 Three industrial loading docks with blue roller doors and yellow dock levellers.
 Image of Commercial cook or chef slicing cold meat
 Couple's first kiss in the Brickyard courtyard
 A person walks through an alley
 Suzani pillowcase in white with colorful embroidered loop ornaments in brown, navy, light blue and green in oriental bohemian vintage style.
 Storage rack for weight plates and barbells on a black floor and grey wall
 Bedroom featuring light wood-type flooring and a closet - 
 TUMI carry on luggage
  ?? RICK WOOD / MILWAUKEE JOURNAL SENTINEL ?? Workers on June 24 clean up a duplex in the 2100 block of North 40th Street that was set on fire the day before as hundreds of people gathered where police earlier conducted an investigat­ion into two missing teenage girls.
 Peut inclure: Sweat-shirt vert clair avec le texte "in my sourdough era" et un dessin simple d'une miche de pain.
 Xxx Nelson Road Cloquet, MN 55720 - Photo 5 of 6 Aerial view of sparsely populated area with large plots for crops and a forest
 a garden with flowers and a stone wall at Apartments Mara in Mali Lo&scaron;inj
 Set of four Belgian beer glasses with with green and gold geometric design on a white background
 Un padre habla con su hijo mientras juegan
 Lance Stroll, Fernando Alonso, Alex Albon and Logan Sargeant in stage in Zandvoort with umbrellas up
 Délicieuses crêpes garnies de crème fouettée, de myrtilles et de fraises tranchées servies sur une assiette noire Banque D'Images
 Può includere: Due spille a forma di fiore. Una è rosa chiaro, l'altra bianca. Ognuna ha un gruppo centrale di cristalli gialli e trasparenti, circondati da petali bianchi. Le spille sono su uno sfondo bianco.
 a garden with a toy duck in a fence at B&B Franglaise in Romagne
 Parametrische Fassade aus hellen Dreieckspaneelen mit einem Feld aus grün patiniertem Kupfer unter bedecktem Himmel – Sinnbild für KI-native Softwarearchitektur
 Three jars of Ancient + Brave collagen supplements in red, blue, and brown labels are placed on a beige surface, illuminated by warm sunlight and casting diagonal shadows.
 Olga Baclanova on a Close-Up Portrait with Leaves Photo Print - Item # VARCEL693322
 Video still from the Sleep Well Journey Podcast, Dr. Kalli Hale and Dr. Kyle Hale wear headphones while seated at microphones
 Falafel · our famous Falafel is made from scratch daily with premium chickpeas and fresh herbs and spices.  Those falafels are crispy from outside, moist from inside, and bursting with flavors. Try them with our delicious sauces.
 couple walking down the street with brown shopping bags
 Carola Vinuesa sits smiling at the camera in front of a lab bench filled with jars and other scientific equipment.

* * * * *

# Assignment
The records above are to be given again in full, word for word.

# Output for this exercise
 Three industrial loading docks with blue roller doors and yellow dock levellers.
 Image of Commercial cook or chef slicing cold meat
 Couple's first kiss in the Brickyard courtyard
 A person walks through an alley
 Suzani pillowcase in white with colorful embroidered loop ornaments in brown, navy, light blue and green in oriental bohemian vintage style.
 Storage rack for weight plates and barbells on a black floor and grey wall
 Bedroom featuring light wood-type flooring and a closet - 
 TUMI carry on luggage
  ?? RICK WOOD / MILWAUKEE JOURNAL SENTINEL ?? Workers on June 24 clean up a duplex in the 2100 block of North 40th Street that was set on fire the day before as hundreds of people gathered where police earlier conducted an investigat­ion into two missing teenage girls.
 Peut inclure: Sweat-shirt vert clair avec le texte "in my sourdough era" et un dessin simple d'une miche de pain.
 Xxx Nelson Road Cloquet, MN 55720 - Photo 5 of 6 Aerial view of sparsely populated area with large plots for crops and a forest
 a garden with flowers and a stone wall at Apartments Mara in Mali Lo&scaron;inj
 Set of four Belgian beer glasses with with green and gold geometric design on a white background
 Un padre habla con su hijo mientras juegan
 Lance Stroll, Fernando Alonso, Alex Albon and Logan Sargeant in stage in Zandvoort with umbrellas up
 Délicieuses crêpes garnies de crème fouettée, de myrtilles et de fraises tranchées servies sur une assiette noire Banque D'Images
 Può includere: Due spille a forma di fiore. Una è rosa chiaro, l'altra bianca. Ognuna ha un gruppo centrale di cristalli gialli e trasparenti, circondati da petali bianchi. Le spille sono su uno sfondo bianco.
 a garden with a toy duck in a fence at B&B Franglaise in Romagne
 Parametrische Fassade aus hellen Dreieckspaneelen mit einem Feld aus grün patiniertem Kupfer unter bedecktem Himmel – Sinnbild für KI-native Softwarearchitektur
 Three jars of Ancient + Brave collagen supplements in red, blue, and brown labels are placed on a beige surface, illuminated by warm sunlight and casting diagonal shadows.
 Olga Baclanova on a Close-Up Portrait with Leaves Photo Print - Item # VARCEL693322
 Video still from the Sleep Well Journey Podcast, Dr. Kalli Hale and Dr. Kyle Hale wear headphones while seated at microphones
 Falafel · our famous Falafel is made from scratch daily with premium chickpeas and fresh herbs and spices.  Those falafels are crispy from outside, moist from inside, and bursting with flavors. Try them with our delicious sauces.
 couple walking down the street with brown shopping bags
 Carola Vinuesa sits smiling at the camera in front of a lab bench filled with jars and other scientific equipment.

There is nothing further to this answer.